A US Federal appeals court has set the week of October 2nd for opening arguments in the trial pitting music songswap company Napster against some of the giants of the recording industry.
The Ninth Circuit Court of Appeals set the October date without comment and did not say which justices would sit on the three-member panel hearing the case, a landmark battle over copyright protection in cyberspace that could eventually touch books, movies and television.
The same court last month granted Napster a last-minute reprieve by staying a judge's order that would have shut down the service, which boasts more than 20 million users.
The lawsuit lodged against Napster by the Recording Industry Association of America (RIAA) contends that the service - which lets fans swap songs for free by trading MP3 files, a compression format that turns music on compact discs into small computer files - is just a high-technology short-cut to music piracy.
In the suit, Napster faces a collection of the most powerful recording companies in the US, including Seagram's Universal Music, Bertelsmann's BMG, Sony's Sony Music, and Time Warner's Warner Music Group and EMI.

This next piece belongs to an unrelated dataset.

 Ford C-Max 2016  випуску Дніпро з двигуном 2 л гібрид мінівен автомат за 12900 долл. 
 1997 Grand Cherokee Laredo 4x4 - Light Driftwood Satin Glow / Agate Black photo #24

In recent "friends of the court" briefs, however, the Computer & Communications Industry Association, which represents technology giants like AT&T, Oracle and Yahoo, said the courts needed to revise some of the "overprotective" models for intellectual property protection.

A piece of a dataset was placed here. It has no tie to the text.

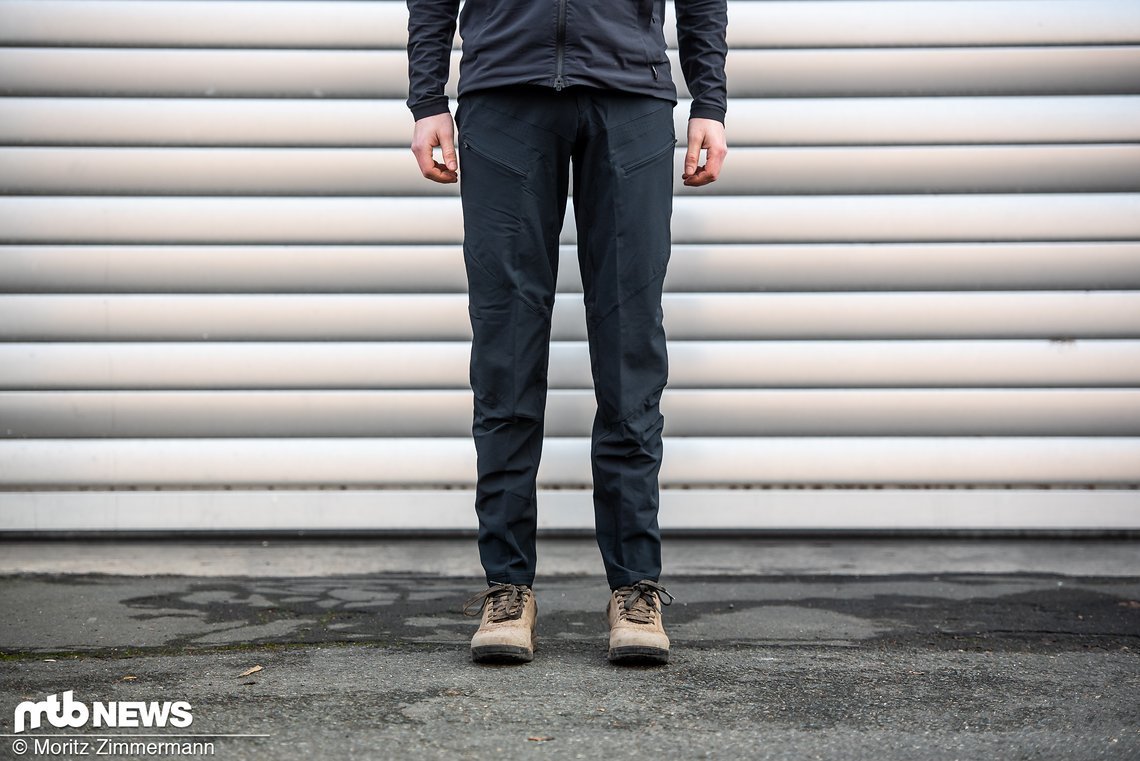 Dank etwas längerem Schnitt und weiterem Bein-Abschluss, aber auch aufgrund des sehr flexiblen und angenehmen Materials glänzt die Specialized Demo-Hose in der Kategorie Tragekomfort!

Similar briefs filed by several other coalitions expressed concerns that the ruling could limit users' rights to enjoy music and media and could impose copyright policing responsibilities on Internet service providers.

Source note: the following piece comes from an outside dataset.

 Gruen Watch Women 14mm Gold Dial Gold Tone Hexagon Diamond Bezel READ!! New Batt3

Napster on August 18th asked the appeals court permanently to overturn US District Judge Marilyn Hall Patel's July 26th order that Napster prevent users from trading copyrighted songs - an order that would have effectively shut the service down.
Officials at Napster have said they hope to settle the legal battle out of court, saying the two sides should work together to figure out a business model that combined music distribution technology with copyright protection.
The recording industry has been less enthusiastic, however, saying file-sharing programs like Napster represent a clear threat to their operation and profitability.